Dans la photo ci-dessus : Arne Strand (Institut Christian Michelson), Diana Skelton (ATD Quart Monde) et Alberto Cimadamore (Université de Bergen)

Tous les jours, dans le monde entier, les personnes qui vivent dans la pauvreté accomplissent pour la paix un travail souvent ignoré. Le livre « Artisans de paix contre la pauvreté » montre la violence de la grande pauvreté et à quel point les plus pauvres sont en quête de paix, en quête d’une manière de transcender la violence et de construire un sentiment d’appartenance. Trois tables rondes en Scandinavie furent l’occasion de discuter ce livre avec des chercheurs, des étudiants et des acteurs des politiques publiques.
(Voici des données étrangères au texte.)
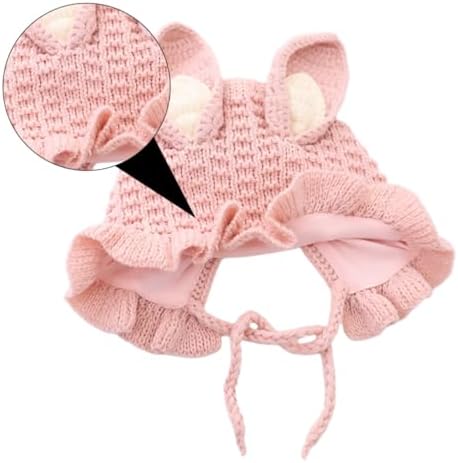 Handmade Winter Baby Hat with Rabbit Ears and Adjustable Fit Pink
À l’Université de Bergen, Norvège

Le premier événement a eu lieu le 26 septembre, à l’invitation du Programme de Recherche Comparée sur la Pauvreté (Comparative Research Programme on Poverty, CROP). Le directeur scientifique du CROP, Alberto D. Cimadamore de l’Université de Bergen, a présidé à une discussion consacrée à l’objectif partagé par les acteurs humanitaires et les programmes de développement de sauver des vies et de réduire la souffrance causée par la pauvreté ainsi que par les catastrophes humaines et naturelles. Diana Skelton d’ATD Quart Monde a exposé les frustrations éprouvées par ATD Quart Monde lors de l’aide d’urgence apportée à Haïti après le tremblement de terre de 2010, quand les politiques publiques se sont concentrées sur les zones les plus faciles d’accès et sur des approches à court terme, mettant en péril des projets préexistants de long terme, en matière de santé publique (Voir vol. 1 « Artisans de paix contre la pauvreté » ainsi que l’entrevue avec Jacqueline Plaisir à la veille du Sommet Humanitaire Mondial).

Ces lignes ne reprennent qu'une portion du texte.